In times of turmoil, faith is often placed in the judiciary as final arbiter. Yet courts are deliberately limited actors. The US Supreme Court may interpret laws, restrain executive overreach, and defend constitutional boundaries but it cannot remove a president, initiate impeachment, or repair political paralysis. Courts can slow institutional erosion; they cannot reverse it alone.

Those of us who have lived through democratic transitions recognize this pattern. Institutions weaken not because constitutions are defective, but because norms are treated as expendable. In many post-authoritarian societies, crises were resolved not merely by legal instruments, but by moments when elites and citizens alike agreed that rules mattered more than rulers.

EDSA was not simply a change of leadership. It was a collective insistence that legitimacy has limits. Power, once stripped of moral authority, could no longer command obedience.

The American system now faces a similar reckoning. Democracies rarely collapse in a single dramatic moment. They erode through repeated exceptions, each justified as temporary or necessary. By the time the danger is undeniable, the guardrails have already been removed.

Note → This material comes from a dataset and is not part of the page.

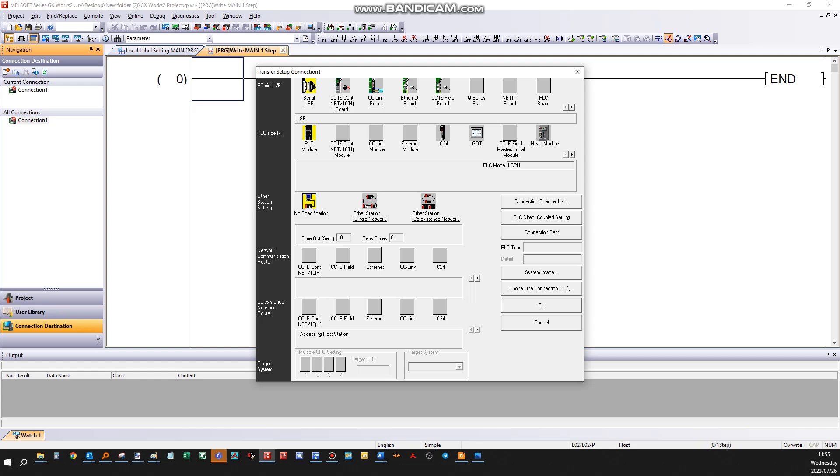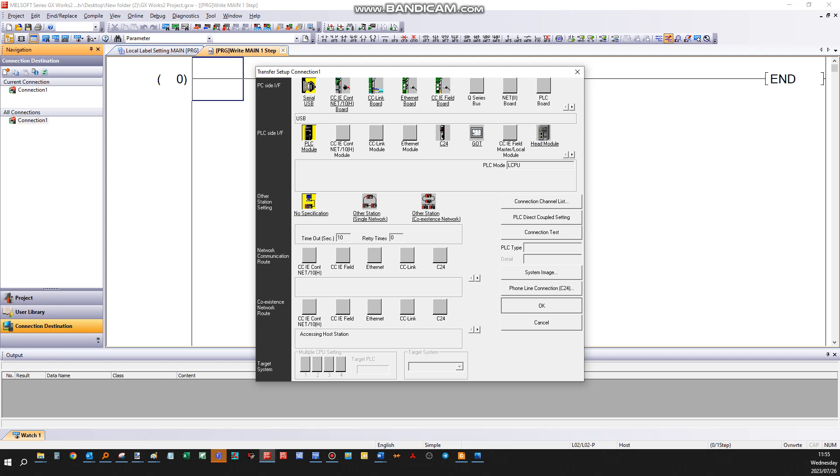When you're done with those three yellow parts here, as you can see, you can just click connection test, and it will tell you connection successful. From there you can say OK, and then you're ready to connect your PLC to either read, write, verify, or delete the PLC values.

The real test before the United States is therefore not whether one president survives impeachment or censure. It is whether institutions still command loyalty when they inconvenience power. History reminds us that such loyalty is never automatic. It must be chosen, again and again, by those entrusted to govern.

“For politics is not like the nursery; in politics obedience and support are the same,” said American historian and philosopher Hannah Arendt.